Tuttavia, la titolare di Palazzo Chigi si e’ “risparmiata” dal mostrare “Schadenfreude” per il cancelliere, ossia compiacimento per le disgrazie altrui. Per la “Frankfurter Allgemeine Zeitung”, l’Italia deve essere “piu’ di un partner junior” per la Germania con il Piano d’azione che dovrebbe trasformare l’asse franco-tedesco essenziale per l’Ue in un “triangolo” con la partecipazione italiana. Ancora di più, per Berlino la rafforzata collaborazione con Roma potrebbe costituire un’alternativa a quella con Parigi.

 Tensioni in questo settore si registrano anche tra Italia e Francia. “Con l’appoggio tedesco”, il governo Meloni ha vietato all’azienda francese Safran di rilevare Microtecnica. Nel frattempo, Avio “si sente spesso lasciata indietro nell’attuale assetto societario a predominanza francese”. Italia e Germania sono anche avvicinate dal fatto che entrambe hanno una “grande industria manifatturiera, spesso orientata all’esportazione”. Inoltre, in entrambi i Paesi, “le piccole e medie imprese svolgono un ruolo importante”. In particolare, le aziende a conduzione familiare rappresentano l’87 per cento del totale in Italia e il 78 per cento in Germania, contribuendo all’occupazione rispettivamente per il 56 e il 42 per cento. Il mercato tedesco e’ poi la principale destinazione delle esportazioni italiane, mentre l’Italia e’ dopo il settimo per l’export della Germania. 

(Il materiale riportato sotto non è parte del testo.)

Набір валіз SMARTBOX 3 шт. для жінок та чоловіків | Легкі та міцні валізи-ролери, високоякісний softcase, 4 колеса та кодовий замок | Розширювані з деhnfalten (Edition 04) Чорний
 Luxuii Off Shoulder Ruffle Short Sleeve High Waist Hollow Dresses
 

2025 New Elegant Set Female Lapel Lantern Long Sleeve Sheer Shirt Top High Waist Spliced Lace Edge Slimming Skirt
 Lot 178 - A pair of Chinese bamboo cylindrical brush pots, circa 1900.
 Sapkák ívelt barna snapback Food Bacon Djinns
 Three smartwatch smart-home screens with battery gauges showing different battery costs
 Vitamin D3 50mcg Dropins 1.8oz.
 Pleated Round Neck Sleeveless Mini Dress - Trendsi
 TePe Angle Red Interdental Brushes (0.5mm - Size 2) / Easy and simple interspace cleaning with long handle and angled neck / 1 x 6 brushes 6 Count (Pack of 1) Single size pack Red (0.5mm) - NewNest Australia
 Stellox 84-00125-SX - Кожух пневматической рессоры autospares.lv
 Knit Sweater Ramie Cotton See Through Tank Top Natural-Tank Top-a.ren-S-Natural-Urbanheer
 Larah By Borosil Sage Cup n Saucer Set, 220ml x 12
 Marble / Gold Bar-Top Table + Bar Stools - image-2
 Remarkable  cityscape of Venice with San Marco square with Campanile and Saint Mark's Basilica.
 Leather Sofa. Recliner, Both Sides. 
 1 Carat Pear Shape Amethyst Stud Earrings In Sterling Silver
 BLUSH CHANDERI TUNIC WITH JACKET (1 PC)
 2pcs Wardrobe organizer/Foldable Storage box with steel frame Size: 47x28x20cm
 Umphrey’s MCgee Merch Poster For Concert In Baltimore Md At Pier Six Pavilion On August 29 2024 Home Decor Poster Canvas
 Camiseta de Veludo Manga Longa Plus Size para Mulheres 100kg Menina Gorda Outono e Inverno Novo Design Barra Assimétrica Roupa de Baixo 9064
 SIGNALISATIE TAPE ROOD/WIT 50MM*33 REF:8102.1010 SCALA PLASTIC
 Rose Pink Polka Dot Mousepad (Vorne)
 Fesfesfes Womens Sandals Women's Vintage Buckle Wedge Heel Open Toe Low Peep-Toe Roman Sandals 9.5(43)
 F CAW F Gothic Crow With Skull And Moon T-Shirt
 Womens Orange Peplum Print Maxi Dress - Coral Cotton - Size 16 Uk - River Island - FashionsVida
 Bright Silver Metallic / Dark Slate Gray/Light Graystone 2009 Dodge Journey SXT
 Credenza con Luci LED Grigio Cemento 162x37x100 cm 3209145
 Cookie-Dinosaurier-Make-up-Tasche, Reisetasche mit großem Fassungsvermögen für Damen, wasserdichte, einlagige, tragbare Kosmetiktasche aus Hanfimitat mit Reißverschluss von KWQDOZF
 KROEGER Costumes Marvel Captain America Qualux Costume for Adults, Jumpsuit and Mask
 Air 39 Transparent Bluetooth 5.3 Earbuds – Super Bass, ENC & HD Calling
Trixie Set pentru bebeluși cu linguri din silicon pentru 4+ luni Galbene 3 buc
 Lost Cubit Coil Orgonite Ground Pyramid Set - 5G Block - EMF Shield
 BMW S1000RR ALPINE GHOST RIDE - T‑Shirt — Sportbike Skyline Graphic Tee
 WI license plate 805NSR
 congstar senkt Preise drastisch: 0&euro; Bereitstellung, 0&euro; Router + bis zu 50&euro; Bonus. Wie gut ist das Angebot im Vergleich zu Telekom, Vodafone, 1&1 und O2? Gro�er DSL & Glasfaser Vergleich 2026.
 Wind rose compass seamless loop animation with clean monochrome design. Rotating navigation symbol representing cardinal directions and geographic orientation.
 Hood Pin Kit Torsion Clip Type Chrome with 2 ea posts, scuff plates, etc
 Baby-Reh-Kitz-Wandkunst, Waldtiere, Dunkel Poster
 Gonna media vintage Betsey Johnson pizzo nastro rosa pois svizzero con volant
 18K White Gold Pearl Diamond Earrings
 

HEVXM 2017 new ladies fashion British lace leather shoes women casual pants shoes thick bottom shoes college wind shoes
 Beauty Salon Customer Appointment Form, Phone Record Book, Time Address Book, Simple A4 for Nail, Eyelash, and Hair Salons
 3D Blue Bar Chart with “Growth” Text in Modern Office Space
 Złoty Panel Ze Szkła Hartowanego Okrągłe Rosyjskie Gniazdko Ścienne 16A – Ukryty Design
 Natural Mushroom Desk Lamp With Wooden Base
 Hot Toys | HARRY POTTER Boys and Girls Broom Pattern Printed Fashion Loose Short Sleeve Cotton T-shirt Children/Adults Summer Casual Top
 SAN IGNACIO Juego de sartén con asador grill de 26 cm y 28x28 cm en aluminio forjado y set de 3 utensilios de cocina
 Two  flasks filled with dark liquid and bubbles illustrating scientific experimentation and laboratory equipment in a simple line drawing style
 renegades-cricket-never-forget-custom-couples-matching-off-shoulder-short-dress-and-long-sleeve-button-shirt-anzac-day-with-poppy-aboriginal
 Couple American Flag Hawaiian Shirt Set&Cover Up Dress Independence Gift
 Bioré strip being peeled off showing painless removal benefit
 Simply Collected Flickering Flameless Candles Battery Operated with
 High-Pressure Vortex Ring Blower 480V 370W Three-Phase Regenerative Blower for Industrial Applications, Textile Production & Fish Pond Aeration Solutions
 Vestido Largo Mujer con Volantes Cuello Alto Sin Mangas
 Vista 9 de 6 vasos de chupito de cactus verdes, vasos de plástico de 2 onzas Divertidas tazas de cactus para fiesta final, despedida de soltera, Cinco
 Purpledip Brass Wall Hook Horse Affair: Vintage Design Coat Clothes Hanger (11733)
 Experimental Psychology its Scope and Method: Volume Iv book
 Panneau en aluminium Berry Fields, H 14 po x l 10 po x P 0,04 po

 E’ dunque un bene che Germania e Italia hanno firmato il Piano d’azione per il quotidiano “Sueddetusche Zeitung”. Date le critiche’ dell’asse franco-tedesco, i rapporti con Roma sono infatti “particolarmente importanti” per Berlino. In questo contesto “puo’ anche darsi” che l’intesa conclusa da Scholz e Meloni vada “oltre il Trattato del Quirinale”, stipulato da Italia e Francia nel 2021. In questa prospettiva, e’ importante che i progetti del Piano d’azione non restino “impantanati nelle controversie politiche” tra Germania e Italia. “Preoccupa” soprattutto la divergenza tra i due Paesi sulla questione della migrazione, che potrebbe portare al “fallimento di molto di quanto pianificato in maniera tanto intelligente” nel Piano d’azione. Impedire tale esito richiede “l’attenzione costante” di Germania e Italia. 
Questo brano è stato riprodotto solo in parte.